McCabe Library’s Rare Book Room harbors a trove of whimsical artists’ books

By Carol Brévart-Demm


Curator of the book arts collection Anne Garrison enjoys showing visitors artists’ books, such as Maureen Cummins’ Femmes Fatales, a series of photographs of seductive yet dangerous women whose names, like “Dame Guillotine” and “The Bride of Nuremberg,” describe instruments of torture. Photos by Laurence Kesterson.

Swarthmore’s Rare Book Room exudes all the mystery of a treasure chamber. It’s really difficult to find,undefined behind a locked wooden door at the end of a short, dark hallway on the top floor of McCabe Library. You need permission to enter. Anne Garrison, the humanities and book-arts librarian and curator of the book-arts collection since 2004, is the genie who lets you in. Dimly lit, with few windows—to protect the fragile works from light damage—and smelling pleasantly of old paper, the Rare Book Room is a magical place filled with spellbinding books. Some are centuries old, others not so old. Some are in disguise or even shape-shifters.

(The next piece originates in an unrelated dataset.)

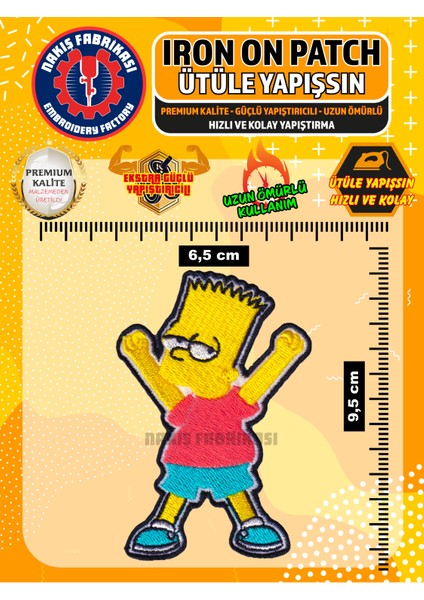 Nakış Fabrikası Ütü ile Yapışan Nakışlı Patch Arma Peç, Bart Simpson, Kaliteli Nakış Işleme Aplike Yama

A book titled Garden Library lies on a small, cluttered table. It has a bright cover onto which botanical illustrations and text on gardens and books have been pasted. It’s lovely to look at, but it’s when you open the book that the magic happens: A fountain of decorative paper strips—mostly white, some colored—containing lines of garden-related text, bursts out at you. Garden Library, published in 1996 in an edition of 10, is a mixed-media sculptural book by calligrapher and book artist Jan Owen. Swarthmore’s Book Arts and Private Press Collection currently comprises more than 6,000 items from almost 1,000 presses.

The task of defining book art or artists’ books is tricky, because their individual forms are each the product of the creator’s whimsy. Book artist Angela Lorenz describes them as works of contemporary art whose creation involves a number of processes. In its final form, each work usually presents a multilevel, multimedia object, access to which often requires a certain amount of effort from the “reader”—such as opening a box, undoing a fastener, or retrieving a page or note from a paper pocket. Sometimes, a text might be camouflaged by its intermingling with a completely different text.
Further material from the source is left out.